(Crawled caption data)

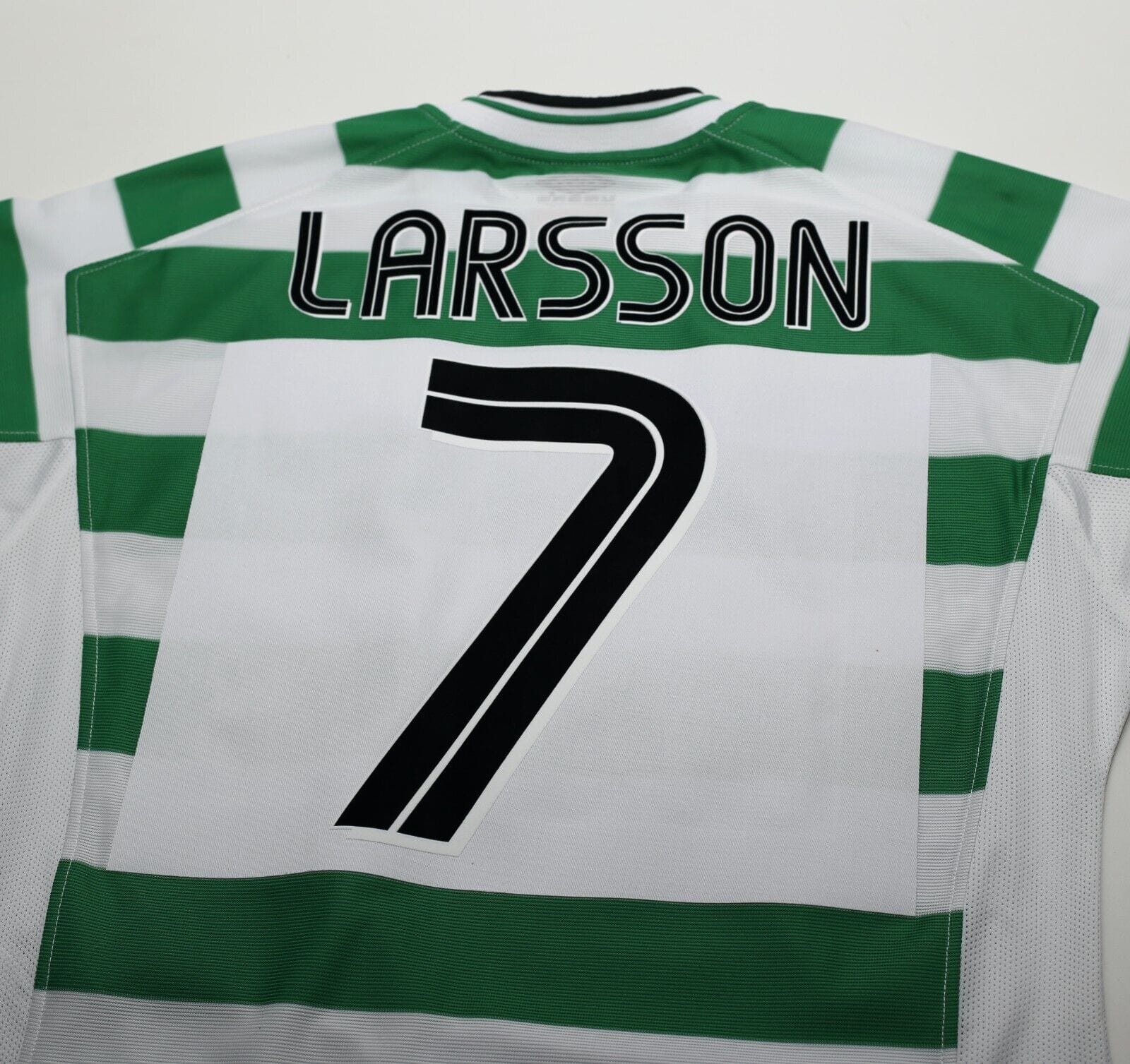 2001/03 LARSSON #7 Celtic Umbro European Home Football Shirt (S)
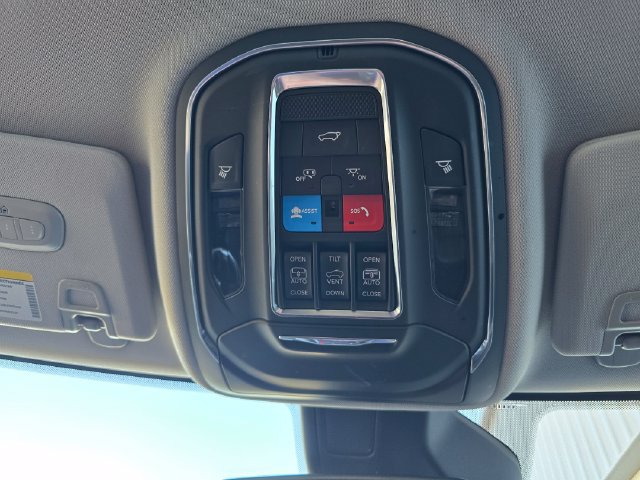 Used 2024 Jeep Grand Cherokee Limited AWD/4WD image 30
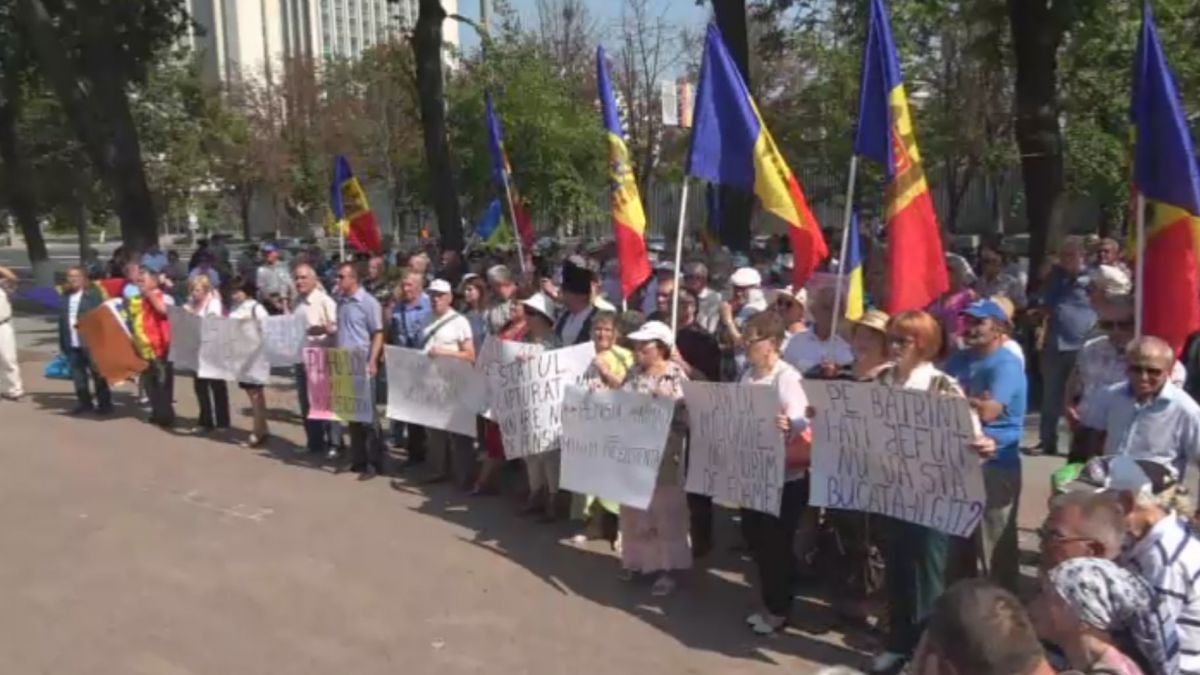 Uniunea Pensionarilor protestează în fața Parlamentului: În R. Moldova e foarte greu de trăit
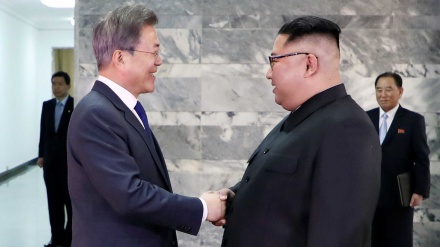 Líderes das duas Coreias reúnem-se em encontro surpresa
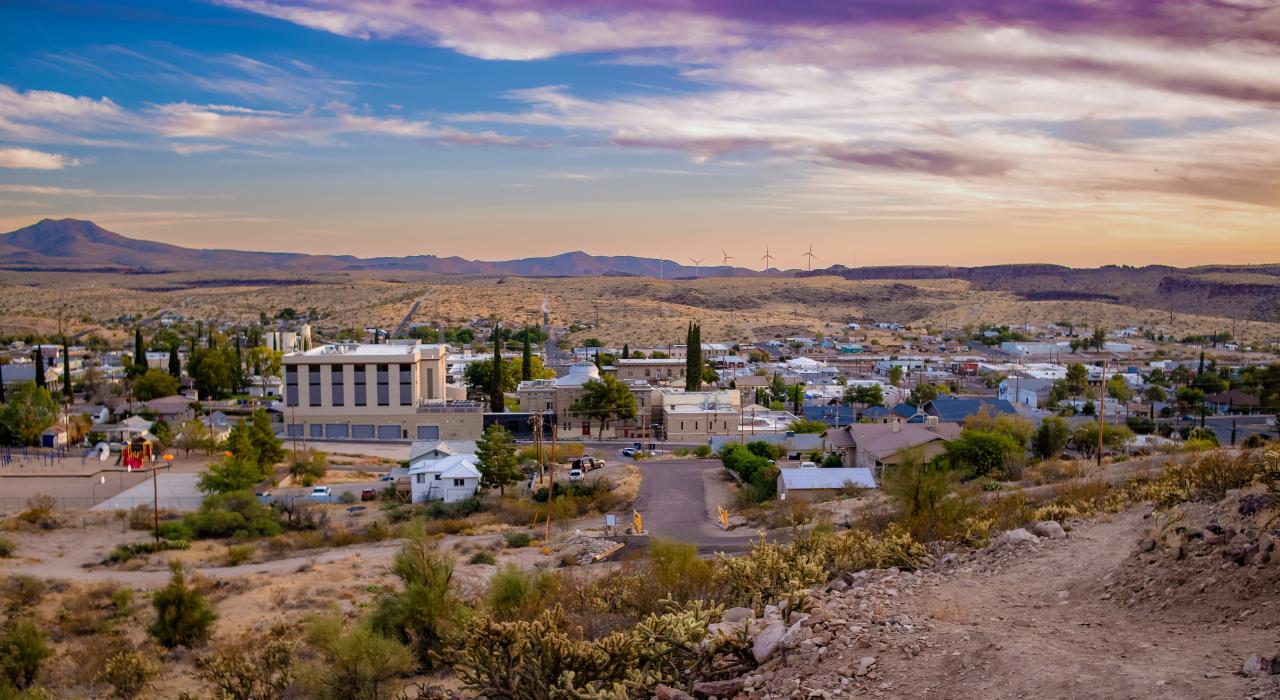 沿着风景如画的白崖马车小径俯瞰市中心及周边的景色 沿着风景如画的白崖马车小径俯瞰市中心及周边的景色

§ Problem to solve
Nothing but the lines from the one holding "Used 2024 Jeep" through the last line of the entries should be written out, exactly and inclusively, minus the pictures.

§ Written response
 Used 2024 Jeep Grand Cherokee Limited AWD/4WD image 30
 Uniunea Pensionarilor protestează în fața Parlamentului: În R. Moldova e foarte greu de trăit
 Líderes das duas Coreias reúnem-se em encontro surpresa
 沿着风景如画的白崖马车小径俯瞰市中心及周边的景色 沿着风景如画的白崖马车小径俯瞰市中心及周边的景色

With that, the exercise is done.